Denn dieses Urteil – und damit die Ungültigkeit von Safe Harbor – betrifft leider nicht nur Giganten wie Google, Facebook oder Microsoft. Auch ebnen jene kleinen und mittelständigen Unternehmen sind von der Entscheidung betroffen, viele deutsche und europäische Firmen haben Arbeiten in Form von Dienstleistungen an US-Firmen ausgelagert. Als rechtliche Grundlage diente meist Safe Harbor, war es doch bisher eine einfache Möglichkeit rechtssicher personenbezogene Daten auf die andere Seite des Atlantiks zu verfrachten. Da diese rechtliche Möglichkeit und Grundlage nun weggefallen ist, stellt jene Unternehmen vor Probleme. Hauptsächlich die, dass ihre vorher noch rechtlich saubere Datenübertragung auf einmal nicht mehr erlaubt ist. Die USA gilt plötzlich nicht mehr als sicheres Drittland in dem ein ausreichendes Datensicherheitsniveau vorherrscht. Betroffene Unternehmen sollten nun schnellstens nach anderen Möglichkeiten suchen diese Datenübertragungen rechtlich abzusichern. Diese sind vorhanden, müssen aber durch die jeweiligen betrieblichen Datenschutzbeauftragten erstmal recherchiert und umgesetzt werden. Dies kostet Zeit und Arbeitskraft, die bisher nicht erforderlich war – Safe Harbor war da und eine einfache Methode sich die zeitraubenden alternativen Möglichkeiten zu ersparen.

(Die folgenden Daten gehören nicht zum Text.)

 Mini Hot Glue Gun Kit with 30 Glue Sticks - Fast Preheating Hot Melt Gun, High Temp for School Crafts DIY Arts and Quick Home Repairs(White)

Keine Frage, das Urteil des Europäischen Gerichtshofes wird Auswirkungen haben. Teilweise auch gravierende Auswirkungen. Aber es ist nicht das Ende des Datentransfers zwischen Europa und den USA. Es müssen nur andere Werkzeuge gefunden und eingesetzt werden, Werkzeuge die bereits vorhanden sind.